From 4378e6af26977a4b9fb87648709037d8d7b2c8e0 Mon Sep 17 00:00:00 2001
From: David O'Shea <dcoshea@hotmail.com>
Date: Mon, 1 Oct 2012 14:43:29 +0930
Subject: [PATCH 4/4] Fix memory leak for Anvil chunks

When compressing a chunk, the uncompressed tag structure in
self.root_tag is thrown away, but an AnvilChunk stores uncompressed
data in four other member variables (_Blocks, _Data, _BlockLight and
_SkyLight) too.

This fix factors out the discarding of self.root_tag into a new method
_discardUncompressed(), and overrides this method in AnvilChunk to
also throw away the Anvil-specific members.
---
 infiniteworld.py | 15 +++++++++++++--
 1 file changed, 13 insertions(+), 2 deletions(-)

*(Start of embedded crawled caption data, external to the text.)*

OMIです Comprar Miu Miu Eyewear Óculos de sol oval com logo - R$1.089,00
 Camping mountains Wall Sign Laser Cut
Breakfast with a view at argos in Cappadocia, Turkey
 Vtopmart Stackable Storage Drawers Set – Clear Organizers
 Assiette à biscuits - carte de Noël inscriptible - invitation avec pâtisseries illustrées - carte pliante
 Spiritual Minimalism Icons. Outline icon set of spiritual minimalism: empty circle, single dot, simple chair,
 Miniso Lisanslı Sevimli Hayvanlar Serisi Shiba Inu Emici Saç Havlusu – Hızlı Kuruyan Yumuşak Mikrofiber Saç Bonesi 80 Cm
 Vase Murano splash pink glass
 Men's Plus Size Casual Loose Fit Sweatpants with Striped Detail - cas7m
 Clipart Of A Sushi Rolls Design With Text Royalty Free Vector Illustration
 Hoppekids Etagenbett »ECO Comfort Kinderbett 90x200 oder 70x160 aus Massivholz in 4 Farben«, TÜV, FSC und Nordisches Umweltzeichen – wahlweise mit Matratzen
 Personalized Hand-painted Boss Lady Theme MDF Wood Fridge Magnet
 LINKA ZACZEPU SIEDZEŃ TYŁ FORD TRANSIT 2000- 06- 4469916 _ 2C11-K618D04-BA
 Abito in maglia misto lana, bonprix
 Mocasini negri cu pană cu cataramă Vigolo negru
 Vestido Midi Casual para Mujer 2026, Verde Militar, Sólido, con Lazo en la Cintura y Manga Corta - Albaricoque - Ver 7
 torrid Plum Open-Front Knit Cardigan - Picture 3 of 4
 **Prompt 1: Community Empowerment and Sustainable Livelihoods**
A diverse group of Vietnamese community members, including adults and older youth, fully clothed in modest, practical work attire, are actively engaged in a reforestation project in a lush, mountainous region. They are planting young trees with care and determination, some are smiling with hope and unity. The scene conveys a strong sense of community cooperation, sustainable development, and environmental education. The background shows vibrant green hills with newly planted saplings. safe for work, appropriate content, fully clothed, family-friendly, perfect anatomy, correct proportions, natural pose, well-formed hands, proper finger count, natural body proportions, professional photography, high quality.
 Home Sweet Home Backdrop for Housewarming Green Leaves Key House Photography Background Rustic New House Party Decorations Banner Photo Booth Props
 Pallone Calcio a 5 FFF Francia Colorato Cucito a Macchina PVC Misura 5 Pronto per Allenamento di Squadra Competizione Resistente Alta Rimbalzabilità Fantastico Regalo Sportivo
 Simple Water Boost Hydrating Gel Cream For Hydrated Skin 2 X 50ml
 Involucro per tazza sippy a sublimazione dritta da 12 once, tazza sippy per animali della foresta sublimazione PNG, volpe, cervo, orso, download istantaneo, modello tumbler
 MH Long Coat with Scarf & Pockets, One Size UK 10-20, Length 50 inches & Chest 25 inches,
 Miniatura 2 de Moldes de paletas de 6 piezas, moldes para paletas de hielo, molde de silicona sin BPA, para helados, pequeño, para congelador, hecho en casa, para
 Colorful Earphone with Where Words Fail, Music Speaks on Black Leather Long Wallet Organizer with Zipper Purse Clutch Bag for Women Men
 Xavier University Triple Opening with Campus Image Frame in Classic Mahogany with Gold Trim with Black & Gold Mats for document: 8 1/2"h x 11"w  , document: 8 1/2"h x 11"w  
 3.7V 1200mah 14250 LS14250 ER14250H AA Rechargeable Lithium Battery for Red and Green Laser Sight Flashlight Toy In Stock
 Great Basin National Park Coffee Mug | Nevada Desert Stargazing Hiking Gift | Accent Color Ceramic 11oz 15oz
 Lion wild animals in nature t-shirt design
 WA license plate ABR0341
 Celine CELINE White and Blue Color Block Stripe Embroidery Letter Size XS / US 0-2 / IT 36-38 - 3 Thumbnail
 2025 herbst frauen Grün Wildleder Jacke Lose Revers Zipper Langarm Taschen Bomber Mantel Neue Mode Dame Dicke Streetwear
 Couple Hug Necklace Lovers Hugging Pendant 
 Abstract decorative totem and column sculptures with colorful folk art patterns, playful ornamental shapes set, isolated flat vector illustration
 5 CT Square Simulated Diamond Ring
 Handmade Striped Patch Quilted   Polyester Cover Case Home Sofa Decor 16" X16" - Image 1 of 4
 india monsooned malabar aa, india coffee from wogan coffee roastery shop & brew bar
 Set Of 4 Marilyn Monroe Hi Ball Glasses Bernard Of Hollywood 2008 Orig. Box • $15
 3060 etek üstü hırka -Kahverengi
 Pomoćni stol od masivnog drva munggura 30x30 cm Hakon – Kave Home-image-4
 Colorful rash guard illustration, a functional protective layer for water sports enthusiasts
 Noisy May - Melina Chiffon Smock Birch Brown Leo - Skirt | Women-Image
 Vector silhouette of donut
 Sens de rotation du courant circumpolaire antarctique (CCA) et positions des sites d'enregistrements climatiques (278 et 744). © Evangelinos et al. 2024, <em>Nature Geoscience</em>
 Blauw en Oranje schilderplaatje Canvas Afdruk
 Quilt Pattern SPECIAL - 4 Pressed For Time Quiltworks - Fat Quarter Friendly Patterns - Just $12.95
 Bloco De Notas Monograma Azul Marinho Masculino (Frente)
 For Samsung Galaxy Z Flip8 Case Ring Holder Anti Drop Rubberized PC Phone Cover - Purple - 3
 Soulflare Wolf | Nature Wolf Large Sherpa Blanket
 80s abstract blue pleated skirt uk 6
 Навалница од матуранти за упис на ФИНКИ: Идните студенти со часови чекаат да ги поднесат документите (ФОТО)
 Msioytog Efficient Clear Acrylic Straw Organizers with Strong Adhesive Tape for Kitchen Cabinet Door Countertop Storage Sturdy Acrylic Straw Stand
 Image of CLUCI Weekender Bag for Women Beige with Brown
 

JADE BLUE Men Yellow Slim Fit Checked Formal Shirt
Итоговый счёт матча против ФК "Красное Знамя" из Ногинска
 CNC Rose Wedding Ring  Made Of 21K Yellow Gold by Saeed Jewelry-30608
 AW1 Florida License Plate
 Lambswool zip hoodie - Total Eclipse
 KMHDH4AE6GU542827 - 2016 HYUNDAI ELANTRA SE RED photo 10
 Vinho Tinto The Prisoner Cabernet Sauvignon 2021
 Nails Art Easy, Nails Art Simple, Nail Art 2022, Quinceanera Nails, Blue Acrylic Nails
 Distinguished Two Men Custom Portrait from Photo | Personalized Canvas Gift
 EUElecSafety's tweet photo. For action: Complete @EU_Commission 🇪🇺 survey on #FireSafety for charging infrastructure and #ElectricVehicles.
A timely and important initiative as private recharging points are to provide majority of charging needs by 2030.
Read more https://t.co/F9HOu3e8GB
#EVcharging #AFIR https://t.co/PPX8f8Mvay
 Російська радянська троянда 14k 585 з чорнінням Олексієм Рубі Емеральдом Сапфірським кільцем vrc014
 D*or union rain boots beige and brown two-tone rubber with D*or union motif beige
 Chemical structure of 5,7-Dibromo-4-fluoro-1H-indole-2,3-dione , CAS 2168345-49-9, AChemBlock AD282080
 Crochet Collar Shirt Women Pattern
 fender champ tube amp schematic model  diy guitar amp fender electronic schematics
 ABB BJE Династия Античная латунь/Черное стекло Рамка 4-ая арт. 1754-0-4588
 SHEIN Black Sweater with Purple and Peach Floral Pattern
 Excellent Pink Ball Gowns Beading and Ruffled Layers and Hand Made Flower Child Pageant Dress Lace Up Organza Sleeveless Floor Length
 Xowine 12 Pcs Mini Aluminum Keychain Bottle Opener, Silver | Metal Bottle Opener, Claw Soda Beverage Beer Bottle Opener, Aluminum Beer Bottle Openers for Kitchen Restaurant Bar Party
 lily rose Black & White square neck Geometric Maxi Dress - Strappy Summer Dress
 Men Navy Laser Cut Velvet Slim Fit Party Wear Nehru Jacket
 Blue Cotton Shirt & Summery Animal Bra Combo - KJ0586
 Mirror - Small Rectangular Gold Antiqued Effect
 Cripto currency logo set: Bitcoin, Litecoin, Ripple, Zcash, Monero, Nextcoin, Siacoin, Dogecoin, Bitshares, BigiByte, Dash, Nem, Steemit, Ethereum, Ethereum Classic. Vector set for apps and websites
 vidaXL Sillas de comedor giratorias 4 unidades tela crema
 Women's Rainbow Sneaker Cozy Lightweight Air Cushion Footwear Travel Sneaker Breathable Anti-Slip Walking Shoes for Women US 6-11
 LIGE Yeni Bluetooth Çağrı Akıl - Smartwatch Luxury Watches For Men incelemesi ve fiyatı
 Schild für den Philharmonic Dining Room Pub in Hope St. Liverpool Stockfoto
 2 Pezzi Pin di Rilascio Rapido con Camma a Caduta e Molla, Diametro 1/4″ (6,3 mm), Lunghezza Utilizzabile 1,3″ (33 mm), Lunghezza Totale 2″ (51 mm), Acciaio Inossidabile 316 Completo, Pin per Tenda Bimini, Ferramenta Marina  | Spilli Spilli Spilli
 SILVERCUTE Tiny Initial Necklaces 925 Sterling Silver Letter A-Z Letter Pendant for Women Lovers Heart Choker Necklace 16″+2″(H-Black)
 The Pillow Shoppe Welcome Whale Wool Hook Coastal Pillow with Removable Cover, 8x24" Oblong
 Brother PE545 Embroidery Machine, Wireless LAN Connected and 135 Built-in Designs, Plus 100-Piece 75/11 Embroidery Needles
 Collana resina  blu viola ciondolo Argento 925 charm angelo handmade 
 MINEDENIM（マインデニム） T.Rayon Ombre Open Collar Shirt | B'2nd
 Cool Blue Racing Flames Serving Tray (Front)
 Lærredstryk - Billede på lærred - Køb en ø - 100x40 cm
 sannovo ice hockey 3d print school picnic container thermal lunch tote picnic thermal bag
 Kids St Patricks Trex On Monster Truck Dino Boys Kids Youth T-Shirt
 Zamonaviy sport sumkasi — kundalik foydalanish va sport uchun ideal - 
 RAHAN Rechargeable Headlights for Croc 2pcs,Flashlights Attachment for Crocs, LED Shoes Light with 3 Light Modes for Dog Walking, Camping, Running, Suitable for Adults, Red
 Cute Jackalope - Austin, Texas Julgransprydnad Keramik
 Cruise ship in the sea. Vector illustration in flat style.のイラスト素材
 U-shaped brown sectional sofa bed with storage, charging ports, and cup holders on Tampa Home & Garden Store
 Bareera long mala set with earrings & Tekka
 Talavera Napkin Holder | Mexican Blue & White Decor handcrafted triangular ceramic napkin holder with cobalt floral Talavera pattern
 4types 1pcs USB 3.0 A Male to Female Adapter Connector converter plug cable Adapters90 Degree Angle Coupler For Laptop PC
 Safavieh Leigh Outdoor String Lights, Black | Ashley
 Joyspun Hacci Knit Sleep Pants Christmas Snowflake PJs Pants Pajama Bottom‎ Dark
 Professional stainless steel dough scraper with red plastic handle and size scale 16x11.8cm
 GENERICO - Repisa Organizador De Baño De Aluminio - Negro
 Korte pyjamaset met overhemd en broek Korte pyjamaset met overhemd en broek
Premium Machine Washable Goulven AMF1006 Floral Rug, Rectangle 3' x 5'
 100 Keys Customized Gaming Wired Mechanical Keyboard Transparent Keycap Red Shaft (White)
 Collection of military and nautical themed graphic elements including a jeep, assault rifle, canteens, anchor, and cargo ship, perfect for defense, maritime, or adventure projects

diff --git a/infiniteworld.py b/infiniteworld.py
index fdaf646..67f9add 100644
--- a/infiniteworld.py
+++ b/infiniteworld.py
@@ -720,6 +720,9 @@ class InfdevChunk(LightedChunk):
         root_tag.save(buf=buf)
         return deflate(buf.getvalue())
 
+    def _discardUncompressed(self):
+        self.root_tag = None
+
     def _compressChunk(self):
         root_tag = self.root_tag
         if root_tag is None:
@@ -730,7 +733,7 @@ class InfdevChunk(LightedChunk):
         if self.compressMode == MCRegionFile.VERSION_DEFLATE:
             self.compressedTag = self.compressTagDeflate(root_tag)
 
-        self.root_tag = None
+        self._discardUncompressed()
 
     def decompressTagGzip(self, data):
         return nbt.load(buf=nbt.gunzip(data))
@@ -774,7 +777,7 @@ class InfdevChunk(LightedChunk):
         if not self.dirty:
             # if we are not dirty, just throw the
             # uncompressed tag structure away. rely on the OS disk cache.
-            self.root_tag = None
+            self._discardUncompressed()
         else:
             if self.root_tag is not None:
                 self.sanitizeBlocks()  # xxx
@@ -1113,6 +1116,14 @@ class AnvilChunk(InfdevChunk):
 
                 arr[..., y:y + 16] = secarray.swapaxes(0, 2)
 
+    def _discardUncompressed(self):
+        self._Blocks = None
+        self._Data = None
+        self._BlockLight = None
+        self._SkyLight = None
+
+        super(AnvilChunk, self)._discardUncompressed()
+
     def _compressChunk(self):
         sections = self.root_tag[Level][Sections] = nbt.TAG_List()